What to work on = Which of the lines in the data mention the string "sistema"? List them all.

Stored dataset items

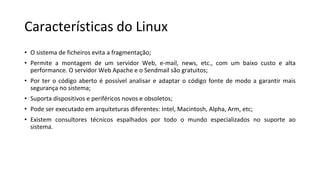 Características do Linux
• O sistema de ficheiros evita a fragmentação;
• Permite a montagem de um servidor Web, e-mail, news, etc., com um baixo custo e alta
performance. O servidor Web Apache e o Sendmail são gratuitos;
• Por ter o código aberto é possível analisar e adaptar o código fonte de modo a garantir mais
segurança no sistema;
• Suporta dispositivos e periféricos novos e obsoletos;
• Pode ser executado em arquiteturas diferentes: Intel, Macintosh, Alpha, Arm, etc;
• Existem consultores técnicos espalhados por todo o mundo especializados no suporte ao
sistema.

Problem solution =
• O sistema de ficheiros evita a fragmentação;
segurança no sistema;
sistema.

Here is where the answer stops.